Ve birçok insanın böyle önkoşulları var mı? Evet, bazı psikopat türleri hariç. Armoni arayışı ve bulgusu, her anın tadını çıkarmayı öğrenmesi, iç ve dışın ulaşılması zor olan bu dengeyi nasıl oluşturacağınız, stres direncinin nasıl kendiliğinden “nasıl büyüyeceği” ve kötü hava koşullarının gerçekleşmediği anlayışının nasıl oluşturulacağı üzerine yazılmış edebiyat tonları yazılıyor. Bir insanın zor bir durumda bile, neşenin tadını çıkarması, zevk almak istemesi doğaldır. Daha az güneş ışığı olduğunu söylüyorlar - nedeni bu. Lütfen bu yetersiz durumla nasıl başa çıkacağınız konusunda tavsiyelerde bulunun. Güneş ışığı hakkında - kesinlikle doğru. Hafif üzüntüye gelince, her zaman, bu arada, savaşmaya değmez, özellikle bu üretken devlet, Puşkin'in "benim üzüntüm ışık" a benziyorsa.
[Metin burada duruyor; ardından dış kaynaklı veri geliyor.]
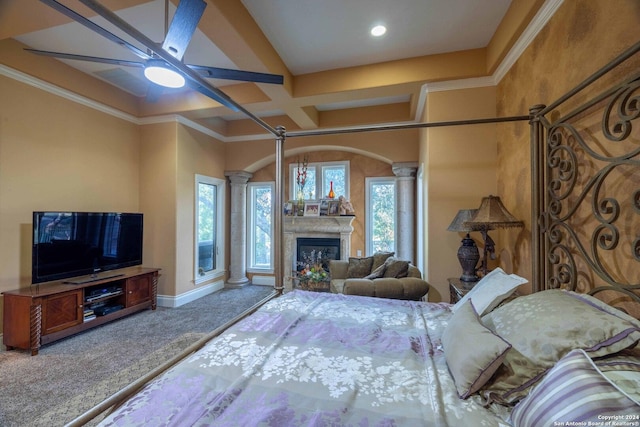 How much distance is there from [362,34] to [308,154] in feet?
→ 9.27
Eğer hala üzüntüden, hoşnutsuzluktan kurtulmak istiyorsanız, basit ama etkili bir öz-sınav önerebilirim. Kendinize sorun: Benim durumum diğer insanlara karşı tutumumla bağlantılı mı? Ya da başkalarının bana karşı tavrıyla mı? Ve belki de özel durumlar tüm bunların sebebidir? Ya da sağlık? Ya da üzüntü mantıksız mıdır? Kural olarak, cevap hızla bulunur. Ve ne yapılacağı, üzüntü sebebinin nasıl ortadan kaldırılacağı netleşiyor. Ancak, durumunuzdan korkmayın - bir insan yüzmede çok iyi olsa bile, yine de uzun bir yüzme sırasında sırtında yatıp dinlenmek, dalgaların üzerinde sallanmak ister. Belki de üzerinde yuvarlanan hafif üzüntü, gökyüzüne bakmak ve rahatlamak için vücudun "geri uzanmak" çağrısı mıdır?